The Delhi police has arrested four youth on the charges of hacking leading shopping sites including Amazon and Flipkart. The police are acting on the complaint of Voucha Gram India, an ecommerce company that runs the website www.gyftr.com. Voucha Gram has complained that the website was hacked, and gift vouchers of leading companies including MakeMyTrip, Amazon, Flipkart, Big Bazar, Reliance Digital, Myntra, Yatra, and others have been stolen. Ishwar Singh, deputy commissioner of police (DCP) confirmed,
“The total financial loss to the complainant was assessed to be about Rs. 92 lakh.”

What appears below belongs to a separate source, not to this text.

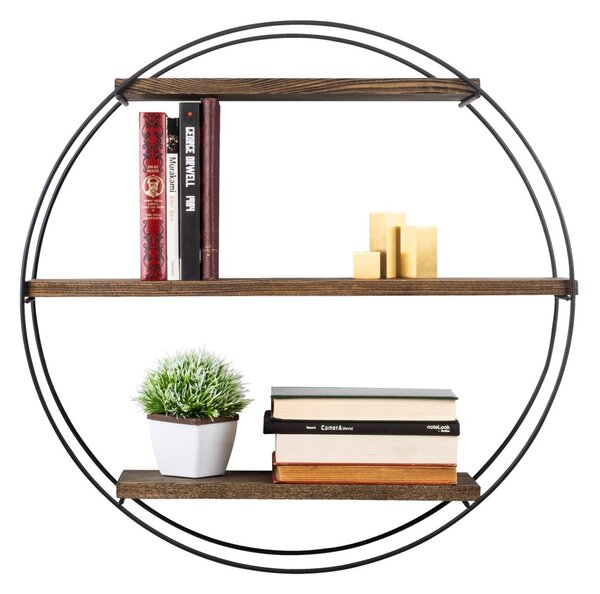 Kalune Design Nástěnná police Tulipa 60 cm ořech americký/černá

The arrested include Sunny Nehra, Prakhar Aggarwal, Azad Choudhary, and Tejveer Sheoran. Singh explained how Nehra went ahead,
“One of his hacker friends informed him that PayU, a leading payment gateway, was suffering from vulnerability and could be tested for data tampering. He started testing it and soon discovered that it was allowing ‘change in parameters on the processing page’, which is data tampering.”
Cyber payments unsafe?
The heist is a blow to both online payment portals like PayU and Paytm, and the government, which has been pushing for a cashless society. Advocate Pavan Duggal, a specialist in cyber laws, confirms this,
“Digital wallets and mobile wallets are extremely unsafe. There are only a couple of Reserve Bank notifications on it. The sector is unregulated; there are no minimum parameters to follow. A majority of the service providers do not focus on cyber security.”

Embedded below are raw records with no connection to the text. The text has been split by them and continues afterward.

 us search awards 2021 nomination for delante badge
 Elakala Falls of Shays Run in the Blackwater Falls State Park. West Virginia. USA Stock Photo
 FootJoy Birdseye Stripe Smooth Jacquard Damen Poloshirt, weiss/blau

However, companies are quick to their defence. Prashant Susarla, technical head at PayU India clarifies,
“PayU protects transaction data integrity by way of check-summing important transaction data exchanged between merchant, PayU and bank. When merchants send data to PayU, they are expected to send a check-sum of the data in the transaction request. In this case, the merchant did not implement the response check-sum test. In such cases, tampering of response data by malicious users will occur, resulting in the merchant facing the repercussions.”
Due diligence is a default activity that everyone should follow. However, when such untoward incidents take place, it exposes the vulnerability of online transactions. The hackers used simple techniques to invade the website. This could happen to anyone. Merchants would do well to employ a good security system on their websites.